IKEA's iconic OOH campaign with Bollywood wordplay...
- adityaagarwal095
- 13 minutes ago
- 2 min read
Bollywood dialogues have a strange kind of permanence in Indian pop culture, lines like “Subah ho gayi mamu” or “Mere paas maa hai” aren’t just movie references, they’re shorthand for emotions, jokes, and shared memories.
IKEA India tapped into exactly this cultural muscle with its OOH campaign, turning familiar film dialogues and songs into clever wordplay built around its product names.


Instead of pushing discounts or features, IKEA played with recognition.
The billboards worked because people didn’t have to “process” them, a passerby would read the line, instantly get the reference, smile, and then notice the product name woven into it.
That moment of recognition is powerful, especially in outdoor advertising where attention spans are short and distractions are endless.
By borrowing from cinema, IKEA made sure the message landed within seconds.

What made the campaign stronger was its localisation.
The brand didn’t use one generic joke across cities.
In Mumbai, Bengaluru, and Hyderabad, the wordplay reflected local language, rhythm, and pop references, making the ads feel native rather than imported.

This helped IKEA, a global brand, feel culturally plugged in instead of distant.

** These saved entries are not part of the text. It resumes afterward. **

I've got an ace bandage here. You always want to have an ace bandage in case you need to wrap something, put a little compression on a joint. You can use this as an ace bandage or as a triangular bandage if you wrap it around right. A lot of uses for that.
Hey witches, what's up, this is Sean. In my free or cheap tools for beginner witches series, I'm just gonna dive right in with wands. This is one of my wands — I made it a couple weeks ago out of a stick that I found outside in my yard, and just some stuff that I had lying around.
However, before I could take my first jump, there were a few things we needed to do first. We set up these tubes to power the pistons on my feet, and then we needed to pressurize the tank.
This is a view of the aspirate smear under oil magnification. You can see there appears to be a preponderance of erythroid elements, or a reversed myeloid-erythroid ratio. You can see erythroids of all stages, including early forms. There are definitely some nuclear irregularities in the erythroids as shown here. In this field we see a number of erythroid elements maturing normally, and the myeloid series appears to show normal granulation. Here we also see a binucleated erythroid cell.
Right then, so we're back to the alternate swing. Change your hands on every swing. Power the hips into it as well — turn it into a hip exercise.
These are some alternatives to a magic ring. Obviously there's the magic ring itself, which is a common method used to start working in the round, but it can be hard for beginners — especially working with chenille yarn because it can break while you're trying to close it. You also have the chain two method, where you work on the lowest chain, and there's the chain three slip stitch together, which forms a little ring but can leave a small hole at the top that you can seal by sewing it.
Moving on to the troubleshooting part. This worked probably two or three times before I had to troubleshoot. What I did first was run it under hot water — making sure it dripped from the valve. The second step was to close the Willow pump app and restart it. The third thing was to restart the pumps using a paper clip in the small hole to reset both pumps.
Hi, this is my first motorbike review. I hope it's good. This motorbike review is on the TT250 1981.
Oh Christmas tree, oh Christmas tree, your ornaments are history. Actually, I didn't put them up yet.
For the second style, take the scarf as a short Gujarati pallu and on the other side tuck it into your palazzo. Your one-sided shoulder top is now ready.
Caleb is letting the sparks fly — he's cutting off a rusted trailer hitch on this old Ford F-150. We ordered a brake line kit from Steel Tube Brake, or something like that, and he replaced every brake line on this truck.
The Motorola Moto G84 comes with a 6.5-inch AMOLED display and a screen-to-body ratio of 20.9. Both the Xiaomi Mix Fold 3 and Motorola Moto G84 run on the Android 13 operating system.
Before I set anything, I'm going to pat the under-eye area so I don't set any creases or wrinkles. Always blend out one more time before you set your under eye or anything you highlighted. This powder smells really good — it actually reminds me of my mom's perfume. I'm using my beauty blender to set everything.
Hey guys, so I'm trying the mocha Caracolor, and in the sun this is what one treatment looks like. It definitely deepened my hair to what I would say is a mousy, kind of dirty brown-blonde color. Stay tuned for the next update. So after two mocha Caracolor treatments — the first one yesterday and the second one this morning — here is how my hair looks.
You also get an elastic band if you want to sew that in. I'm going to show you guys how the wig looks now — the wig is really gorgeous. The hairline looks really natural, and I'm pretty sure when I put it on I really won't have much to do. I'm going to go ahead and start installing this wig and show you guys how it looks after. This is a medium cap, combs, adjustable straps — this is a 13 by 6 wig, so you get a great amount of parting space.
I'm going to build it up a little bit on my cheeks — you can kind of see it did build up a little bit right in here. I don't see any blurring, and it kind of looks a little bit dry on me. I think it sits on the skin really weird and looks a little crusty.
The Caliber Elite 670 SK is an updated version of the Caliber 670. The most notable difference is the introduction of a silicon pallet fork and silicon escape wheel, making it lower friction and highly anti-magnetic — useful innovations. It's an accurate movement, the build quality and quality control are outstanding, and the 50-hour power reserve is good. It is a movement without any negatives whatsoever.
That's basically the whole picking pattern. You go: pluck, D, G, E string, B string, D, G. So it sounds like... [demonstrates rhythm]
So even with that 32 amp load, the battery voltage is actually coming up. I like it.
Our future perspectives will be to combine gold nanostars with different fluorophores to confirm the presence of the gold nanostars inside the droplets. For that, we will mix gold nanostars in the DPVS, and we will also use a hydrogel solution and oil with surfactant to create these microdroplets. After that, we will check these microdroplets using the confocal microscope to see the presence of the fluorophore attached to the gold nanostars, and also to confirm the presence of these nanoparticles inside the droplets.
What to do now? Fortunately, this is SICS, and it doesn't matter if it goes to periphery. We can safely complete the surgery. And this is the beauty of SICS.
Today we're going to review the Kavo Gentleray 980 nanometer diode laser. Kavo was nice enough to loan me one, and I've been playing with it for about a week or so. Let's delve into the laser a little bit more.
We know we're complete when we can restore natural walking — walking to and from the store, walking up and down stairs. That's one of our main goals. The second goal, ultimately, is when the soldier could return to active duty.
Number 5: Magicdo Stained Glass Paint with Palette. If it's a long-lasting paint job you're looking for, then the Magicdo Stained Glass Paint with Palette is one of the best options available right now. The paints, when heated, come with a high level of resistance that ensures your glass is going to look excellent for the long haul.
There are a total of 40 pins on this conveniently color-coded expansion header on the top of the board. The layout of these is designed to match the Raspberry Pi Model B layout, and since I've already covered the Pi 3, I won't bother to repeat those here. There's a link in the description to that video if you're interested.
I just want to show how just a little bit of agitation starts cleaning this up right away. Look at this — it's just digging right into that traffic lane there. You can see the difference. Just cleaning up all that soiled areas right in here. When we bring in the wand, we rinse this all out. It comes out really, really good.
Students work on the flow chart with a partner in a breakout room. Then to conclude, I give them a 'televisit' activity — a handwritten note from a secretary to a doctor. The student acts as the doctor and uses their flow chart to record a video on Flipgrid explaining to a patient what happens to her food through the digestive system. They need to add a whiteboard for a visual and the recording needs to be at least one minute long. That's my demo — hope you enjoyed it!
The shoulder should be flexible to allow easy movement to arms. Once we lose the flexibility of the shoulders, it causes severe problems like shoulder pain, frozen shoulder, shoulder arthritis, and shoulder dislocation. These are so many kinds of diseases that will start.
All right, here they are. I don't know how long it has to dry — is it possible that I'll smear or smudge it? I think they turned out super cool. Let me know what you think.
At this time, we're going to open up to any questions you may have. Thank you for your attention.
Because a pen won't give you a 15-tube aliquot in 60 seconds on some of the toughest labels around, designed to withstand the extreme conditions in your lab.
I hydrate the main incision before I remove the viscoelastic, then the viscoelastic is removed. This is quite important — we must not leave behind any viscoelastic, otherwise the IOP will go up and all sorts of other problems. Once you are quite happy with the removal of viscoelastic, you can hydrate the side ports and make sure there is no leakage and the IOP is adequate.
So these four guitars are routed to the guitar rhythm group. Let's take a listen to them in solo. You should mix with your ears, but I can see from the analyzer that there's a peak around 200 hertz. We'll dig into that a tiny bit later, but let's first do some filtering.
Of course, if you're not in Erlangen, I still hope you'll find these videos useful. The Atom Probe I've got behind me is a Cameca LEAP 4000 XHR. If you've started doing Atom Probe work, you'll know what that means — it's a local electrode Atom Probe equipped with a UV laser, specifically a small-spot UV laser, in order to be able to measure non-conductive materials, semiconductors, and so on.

It wasn’t “a furniture brand advertising in India”, it was a brand speaking the same cultural language as the people passing by the hoardings.

Placement played a big role, too.
These billboards were positioned in high-traffic zones where people see the same messages repeatedly during daily commutes.
Each repeated view reinforced the joke and the product name together.
Over time, the humour turned into recall, you might forget the exact line, but you remember IKEA being clever, and that’s brand-building doing its job.
According to Jayendra Gupta, Country Integrated Media Manager at IKEA India, the intent was to tap into iconic film dialogues that people already hold close to their hearts, and connect that emotional familiarity with IKEA’s everyday products. It reflects IKEA’s larger global approach of using pop culture, but adapted sharply for India’s diverse and regional sensibilities.
So does wordplay in OOH still work, or has it become too mainstream? The IKEA campaign suggests that wordplay isn’t the problem, laziness is. When wordplay is rooted in culture, tied meaningfully to the product, and placed where people can’t ignore it, it still cuts through the clutter. In a landscape full of loud visuals and hard-selling headlines, a smart line that makes someone smile can sometimes do far more.